As Iraqi forces push deeper into western Mosul, the assault is bringing a surge of casualties — at least 30 Iraqi security forces and more than 200 civilians killed or wounded in the past three days. Iraq's military does not release official casualty reports, but medics at front-line clinics provided figures on condition of anonymity.

The sudden spike in casualty numbers mirrors what played out in Mosul's east as the fight moved from rural villages to dense urban areas. Front-line medic stations that stood empty for the first days of the assault on Mosul's west announced last week are now overflowing. At one clinic Sunday, the dead had to be moved to the ground to free up beds as more injured arrived.

The soldiers that Maj. Ali picked up had been wounded when a mortar — fired from districts held by the Islamic State group — hit them along a route used by the thousands of civilians fleeing Mosul on foot in the days after Iraqi forces first punched into Mamun neighborhood Friday.

Ali had been on his way back to base after a quick visit to the edge of Mamun neighborhood. Now he was gripping the grate of his Humvee, using his own weight to keep the wounded man from sliding off the hood.

In the front passenger seat, the other soldier — with a head wound — sat with his eyes wide open and glassy. Everyone inside the vehicle rode in almost complete silence as Ali and his gunner shouted directions to the driver and yelled for civilians to move out of the way.

Blood slowly soaked through the black shirt of the man sitting in Ali's seat. The nearest clinic was 3 miles away — down bumpy dirt roads, crowded with people. After a few moments the soldier went completely limp, his body swaying slackly with each bump the Humvee hit. He was dead.

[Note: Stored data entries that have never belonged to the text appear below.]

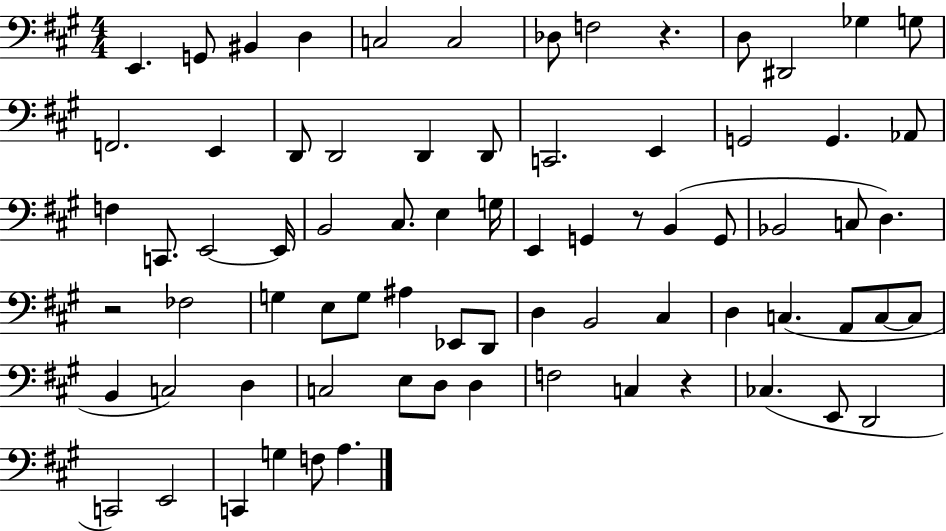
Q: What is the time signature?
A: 4/4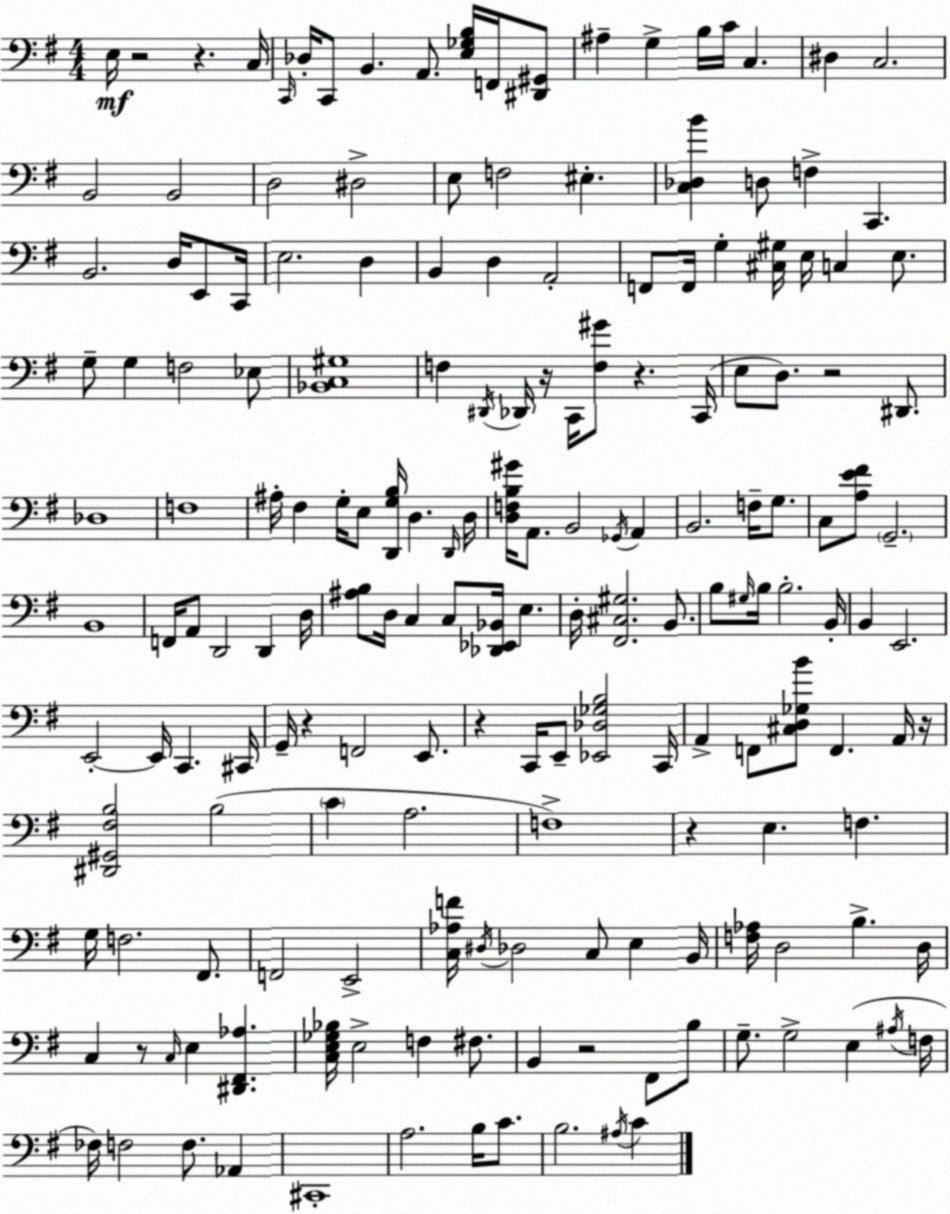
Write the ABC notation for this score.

X:1
T:Untitled
M:4/4
L:1/4
K:G
E,/4 z2 z C,/4 C,,/4 _D,/4 C,,/2 B,, A,,/2 [E,_G,B,]/4 F,,/4 [^D,,^G,,]/2 ^A, G, B,/4 C/4 C, ^D, C,2 B,,2 B,,2 D,2 ^D,2 E,/2 F,2 ^E, [C,_D,B] D,/2 F, C,, B,,2 D,/4 E,,/2 C,,/4 E,2 D, B,, D, A,,2 F,,/2 F,,/4 G, [^C,^G,]/4 E,/4 C, E,/2 G,/2 G, F,2 _E,/2 [_B,,C,^G,]4 F, ^D,,/4 _D,,/4 z/4 C,,/4 [F,^G]/2 z C,,/4 E,/2 D,/2 z2 ^D,,/2 _D,4 F,4 ^A,/4 ^F, G,/4 E,/2 [D,,G,B,]/4 D, D,,/4 D,/4 [D,F,B,^G]/4 A,,/2 B,,2 _G,,/4 A,, B,,2 F,/4 G,/2 C,/2 [A,E^F]/2 G,,2 B,,4 F,,/4 A,,/2 D,,2 D,, D,/4 [^A,B,]/2 D,/4 C, C,/2 [_D,,_E,,_B,,]/4 E, D,/4 [^F,,^C,^G,]2 B,,/2 B,/2 ^G,/4 B,/4 B,2 B,,/4 B,, E,,2 E,,2 E,,/4 C,, ^C,,/4 G,,/4 z F,,2 E,,/2 z C,,/4 E,,/2 [_E,,_D,_G,B,]2 C,,/4 A,, F,,/2 [^C,D,_G,B]/2 F,, A,,/4 z/4 [^D,,^G,,^F,B,]2 B,2 C A,2 F,4 z E, F, G,/4 F,2 ^F,,/2 F,,2 E,,2 [C,_A,F]/4 ^D,/4 _D,2 C,/2 E, B,,/4 [F,_A,]/4 D,2 B, D,/4 C, z/2 C,/4 E, [^D,,^F,,_A,] [C,E,_G,_B,]/4 E,2 F, ^F,/2 B,, z2 ^F,,/2 B,/2 G,/2 G,2 E, ^A,/4 F,/4 _F,/4 F,2 F,/2 _A,, ^C,,4 A,2 B,/4 C/2 B,2 ^A,/4 C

On Sunday afternoon Iraq's special forces were still struggling to clear the Mamun neighborhood, bringing them back to a phase of grueling urban combat similar to the fight for eastern Mosul in early November when military attrition rates spiked.

Iraqi forces at a base a few miles south of the front called in airstrikes to take out small units of two or three IS fighters who repeatedly managed to halt advancing Iraqi convoys.

The number of car bombs targeting Iraqi forces in western Mosul has been fewer than what forces experienced in the east: approximately four a day in the west compared to more than dozen a day in the east.

But the number of armed IS drones has ballooned. In a singled day drones dropped more than 70 munitions on Iraqi forces. The bombs mostly caused light injuries but they disrupted operations and monopolized the finite surveillance capabilities available from Iraq's military and the U.S.-led coalition backing the Mosul fight.